Pork producers eye future

DEVILS LAKE, N.D. -- American pork producers face both opportunities and challenges. Officials with the National Pork Board say their organization is tackling both.

National Pork Board CEO Bill Even answers questions prior to the North Dakota Pork Council annual meeting and convention Friday, August 10, 2018 in Devils Lake. Nick Nelson / Agweek

DEVILS LAKE, N.D. - American pork producers face both opportunities and challenges. Officials with the National Pork Board say their organization is tackling both.

The opportunities include growing potential demand for pork both domestically and internationally. The challenges include ongoing disruptions in U.S. pork exports.

"When there are trade issues, it really hits home quickly and we've seen that with impact on hog prices," said Bill Even, CEO of the Des Moines, Iowa-based National Pork Board.

Even, a former South Dakota secretary of agriculture, was among roughly 100 people who attended the annual convention of the North Dakota Pork Council Aug. 10 near Devils Lake, N.D. In the past, the annual meeting was held during the winter; the switch to summer makes it easier for exhibitors who had faced conflicts with winter annual meetings of pork groups in other states.

Under the pork checkoff-program, U.S. pork producers and importers pay $0.40 per $100 of value when pigs are sold and when pigs or pork products are brought to the country.


The National Pork Board is responsible and checkoff-funded research, promotion and consumer information projects and also for communicating with pork producers and the public. The North Dakota Pork Council is part of the national group.

Even pointed to several developments in which his organization is involved:

• Securing a $1 million grant from the U.S. Department of Agriculture to match $1 million in producer checkoff money to help pork producers better understand taking care of their animals.

• Relaunching the 10-year-old We Care program, in which pork producers "hold ourselves accountable for continuous improvement" in animal care. "In the consumer's mind, they want to feel good about how pork is produced and about feeding to their families," an effort that We Care enhances,

• Pork 2040, a long-term effort to sell more pork to emerging markets worldwide.

• A new, temporary campaign in which more than 5,000 Subway restaurants on the East Coast have put three new pork sandwiches on their menu.

• Stepping up its promotional and marketing efforts on social media and other digital platforms.

The long-term domestic outlook for pork sales is encouraging, in part because pork is popular with America's rising Hispanic population, Even said.


Export opportunities for pork, already the world's most widely consumed animal protein, are promising, too, he said.

Exports now account for 27 percent of U.S. pork sales, with China buying about $1 billion of U.S. pork in 2017 and Mexico importing about 40 percent of all U.S. hams. Given that, U.S. pork producers are concerned about current trade disruptions, he said.

North Dakota and pork

North Dakota's hog industry is modest, especially in comparison to Minnesota and South Dakota. As of Dec. 15, according to information on the pork checkoff website:

• Minnesota had a hog and pig inventory of 8.5 million, ranking third nationally.

• South Dakota's hog and pig inventory totaled 1.56 million, 11th nationally.

• North Dakota's hog and pig inventory totaled 147,000, ranking 25th nationally.

But North Dakota's pork industry has strong potential for growth, said Todd Erickson, general manager of North Dakota Sow Co-op, which operates pork operations in Larimore, N.D., and Lakota, N.D.


North Dakota is a big and growing producer of both soybeans and corn, which are the cornerstones of hogs' diets, so the state has the potential to raise many more hogs than it does now, he said.

"I think it's a matter of educating the public. We're considered a cow-calf state. We could be a sow state.
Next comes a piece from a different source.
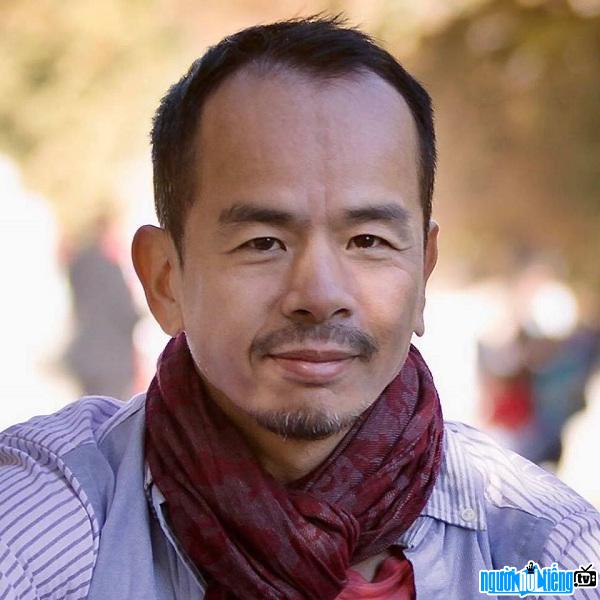 CEO Nguyễn Đức Sơn được xem là người thầy trong lĩnh vực thương hiệu Việt Nam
We've got location, location, location. We could develop the swine industry," he said.

Erickson describes himself as "a cattle boy" growing up near Minot, N.D. But while attending North Dakota State University, "I ended up in the (NDSU) pig barn on work-study and and just loved it. I decided, 'I'm going to do pigs,'" he said.

Erickson was elected this year as one 15 national directors of the National Pork Board.

It can be difficult for hog producers from states with relatively few hogs to get elected to the board, "so I'm super-happy. It's an honor to be elected by your peers. And I'm having a hoot," he said.